━━━━━ INFORMATION PROVIDED

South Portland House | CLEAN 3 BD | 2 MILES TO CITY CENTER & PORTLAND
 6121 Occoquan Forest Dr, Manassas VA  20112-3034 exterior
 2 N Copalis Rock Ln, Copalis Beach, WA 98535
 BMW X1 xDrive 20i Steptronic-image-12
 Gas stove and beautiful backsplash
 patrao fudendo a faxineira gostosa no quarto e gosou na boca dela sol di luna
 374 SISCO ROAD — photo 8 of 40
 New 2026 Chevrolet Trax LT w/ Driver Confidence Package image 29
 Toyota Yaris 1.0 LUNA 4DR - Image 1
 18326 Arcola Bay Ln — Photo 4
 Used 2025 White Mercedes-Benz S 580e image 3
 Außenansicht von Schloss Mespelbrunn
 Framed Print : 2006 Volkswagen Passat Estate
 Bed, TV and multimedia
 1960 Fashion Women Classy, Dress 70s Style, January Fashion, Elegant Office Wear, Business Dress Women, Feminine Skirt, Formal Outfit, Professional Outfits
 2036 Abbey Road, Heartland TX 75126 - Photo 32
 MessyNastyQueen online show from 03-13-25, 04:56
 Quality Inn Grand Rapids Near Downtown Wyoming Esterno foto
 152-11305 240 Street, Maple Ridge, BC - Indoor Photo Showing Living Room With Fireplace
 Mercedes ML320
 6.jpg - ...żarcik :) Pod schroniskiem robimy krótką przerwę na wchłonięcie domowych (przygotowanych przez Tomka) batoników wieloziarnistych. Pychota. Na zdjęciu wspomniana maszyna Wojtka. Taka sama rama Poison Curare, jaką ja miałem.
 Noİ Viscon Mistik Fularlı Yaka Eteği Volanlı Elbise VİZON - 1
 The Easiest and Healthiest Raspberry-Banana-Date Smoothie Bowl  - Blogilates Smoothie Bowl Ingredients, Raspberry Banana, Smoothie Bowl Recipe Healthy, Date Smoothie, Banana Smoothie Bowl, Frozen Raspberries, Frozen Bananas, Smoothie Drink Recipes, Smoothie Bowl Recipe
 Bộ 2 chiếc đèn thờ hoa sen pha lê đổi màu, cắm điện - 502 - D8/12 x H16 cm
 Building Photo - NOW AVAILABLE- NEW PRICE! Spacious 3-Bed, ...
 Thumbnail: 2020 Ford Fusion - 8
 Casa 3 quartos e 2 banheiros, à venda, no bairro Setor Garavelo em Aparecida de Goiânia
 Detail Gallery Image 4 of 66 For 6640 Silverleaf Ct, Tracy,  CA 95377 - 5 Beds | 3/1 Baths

━━━━━━━━━━

EXERCISE REQUIREMENTS ▸
Could you write out, exactly as they stand, only the lines above that begin at the line with "patrao fudendo a" and stop after the line with "1960 Fashion Women"?

ANSWER SECTION ▸
 patrao fudendo a faxineira gostosa no quarto e gosou na boca dela sol di luna
 374 SISCO ROAD — photo 8 of 40
 New 2026 Chevrolet Trax LT w/ Driver Confidence Package image 29
 Toyota Yaris 1.0 LUNA 4DR - Image 1
 18326 Arcola Bay Ln — Photo 4
 Used 2025 White Mercedes-Benz S 580e image 3
 Außenansicht von Schloss Mespelbrunn
 Framed Print : 2006 Volkswagen Passat Estate
 Bed, TV and multimedia
 1960 Fashion Women Classy, Dress 70s Style, January Fashion, Elegant Office Wear, Business Dress Women, Feminine Skirt, Formal Outfit, Professional Outfits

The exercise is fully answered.